Christian fundamentalists argue against abortion on the grounds that fetuses have souls. The argument starts with two premises: that people have souls while animals do not, and that the right to life goes with possession of a soul.
It proceeds by asserting that the developing fetus must acquire its soul at some instant; and because no point after conception is special enough to be that instant, it must happen at conception. (It takes hours for an egg and a sperm to unite, but they could choose some brief part of the process as the crucial "instant".) Therefore, the argument concludes, the fetus has a soul and the same rights as a grown human.
The fetus at any given time either has a soul or it doesn't.
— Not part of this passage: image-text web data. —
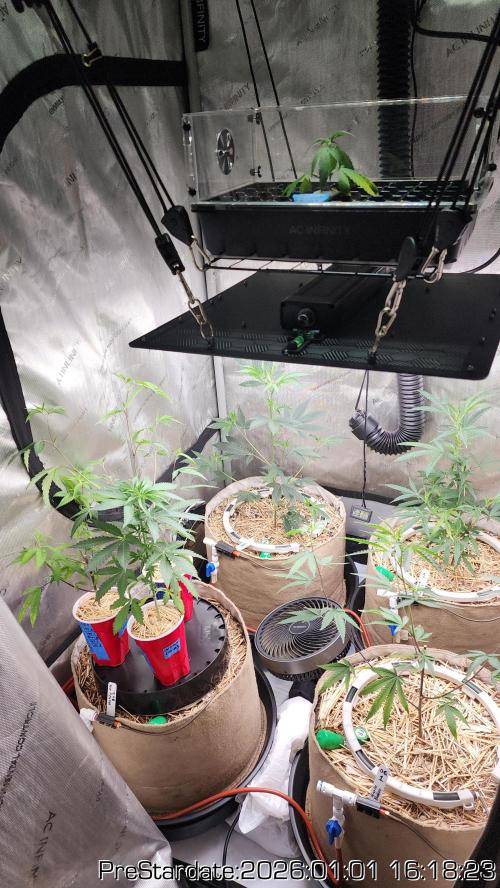 Chill Out OG - MrGrowIt - FabricPotScrog. Week 9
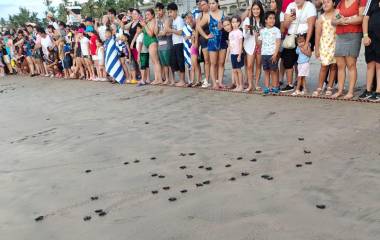 Oleaje y mal tiempo reducirían la liberación de tortugas marinas en Mazatlán este 2026.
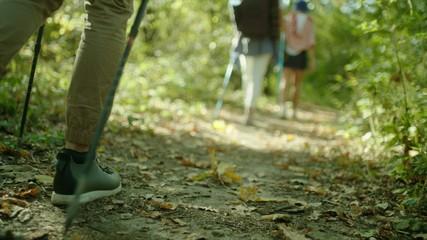 Group of hikers with backpacks and sticks walking throught the forest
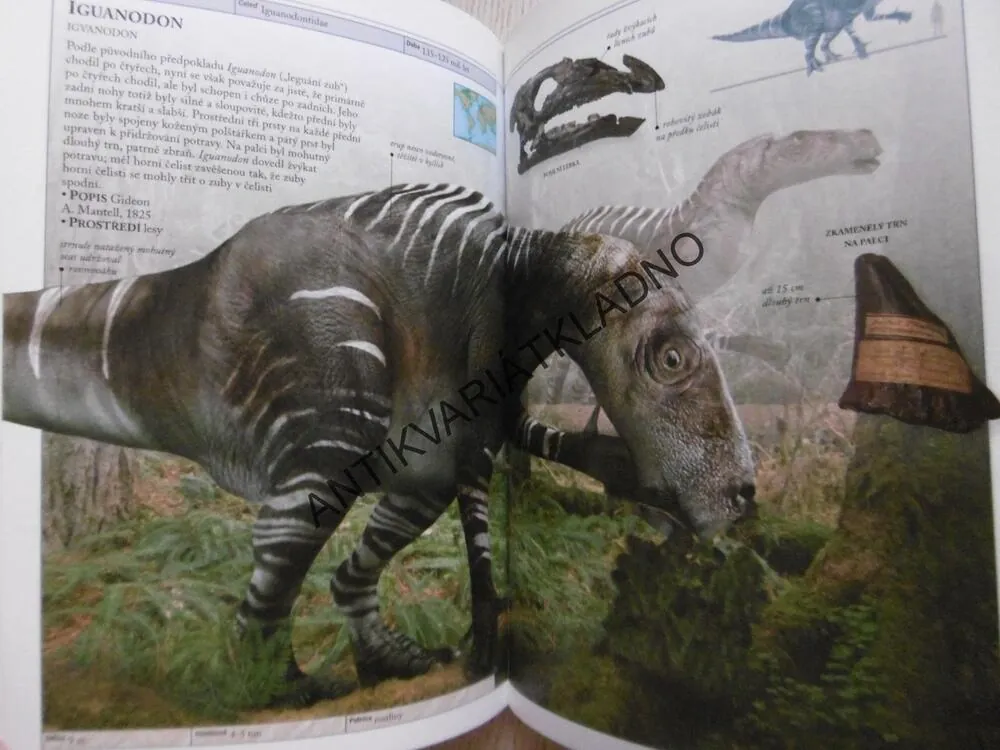 DINOSAUŘI A ŽIVOT V PRAVĚKU, HAZEL RICHARDSONOVÁ, **an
There is no intermediate state, no way to change gradually from soul-absent to soul-present, so the change must be instantaneous.
It is normal in quantum mechanics for an object to change gradually from state A to state B, even though there are no intermediate states between A and B.
Take for example, an electron's spin can either point up or down (along whichever axis you choose for the measurement); there is no possible intermediate value it can have. Yet in the proper conditions can reliably and gradually convert spin-down electrons into the spin-up state, over a predictable length of time. What changes is the probability you will find State A vs State B moves gradually from 0% to 100%.
So my question is, When does the Fetus Acquire the soul and is it an instantaneous event or a continuous event. Can someone explain this?